Direct detection of cysteine using functionalized BaTiO3 nanoparticles film based self-powered biosensor,
Sophia Selvarajan, Nagamalleswara Rao Alluri, Arunkumar Chandrasekhar, Sang-Jae Kim,
Biosensors and Bioelectronics, Volume 91, 15 May 2017, Pages 203–210. [ISSN: 0956-5663]
•First report on facile and direct detection of cysteine through I-V technique.
•Functionalized BaTiO3 NPs for self-powered cysteine biosensing system.

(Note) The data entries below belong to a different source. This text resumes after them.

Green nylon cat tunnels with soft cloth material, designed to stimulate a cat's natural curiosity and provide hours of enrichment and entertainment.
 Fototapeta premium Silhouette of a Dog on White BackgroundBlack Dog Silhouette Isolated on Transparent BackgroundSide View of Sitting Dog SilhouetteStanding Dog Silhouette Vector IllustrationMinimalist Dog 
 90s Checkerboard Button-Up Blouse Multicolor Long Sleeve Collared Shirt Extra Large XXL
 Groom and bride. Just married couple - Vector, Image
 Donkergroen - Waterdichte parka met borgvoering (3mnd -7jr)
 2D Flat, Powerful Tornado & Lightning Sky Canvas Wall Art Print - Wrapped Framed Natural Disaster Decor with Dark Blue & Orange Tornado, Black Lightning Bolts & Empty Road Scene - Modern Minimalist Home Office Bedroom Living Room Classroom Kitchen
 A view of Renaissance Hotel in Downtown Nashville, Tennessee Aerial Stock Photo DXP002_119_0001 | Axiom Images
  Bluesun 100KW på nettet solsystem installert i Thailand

•Biocompatible BaTiO3 NPs and agarose biopolymer paves way for green chemistry.
•Proposed sensor has good selectivity and detection limits down to 10 µM (3 s/m).
•The findings may further lead to novel piezoelectric-biosensing devices.
Simple, novel, and direct detection of clinically important biomolecules have continuous demand among scientific community as well as in market. Here, we report the first direct detection and facile fabrication of a cysteine-responsive, film-based, self-powered device. NH2 functionalized BaTiO3 nanoparticles (BT-NH2 NPs) suspended in a three-dimensional matrix of an agarose (Ag) film, were used for cysteine detection. BaTiO3 nanoparticles (BT NPs) semiconducting as well as piezoelectric properties were harnessed in this study. The changes in surface charge properties of the film with respect to cysteine concentrations were determined using a current–voltage (I-V) technique. The current response increased with cysteine concentration (linear concentration range=10 µM–1mM). Based on the properties of the composite (BT/Ag), we created a self-powered cysteine sensor in which the output voltage from a piezoelectric nanogenerator was used to drive the sensor. The potential drop across the sensor was measured as a function of cysteine concentrations. Real-time analysis of sensor performance was carried out on urine samples by non-invasive method. This novel sensor demonstrated good selectivity, linear concentration range and detection limit of 10 µM; acceptable for routine analysis.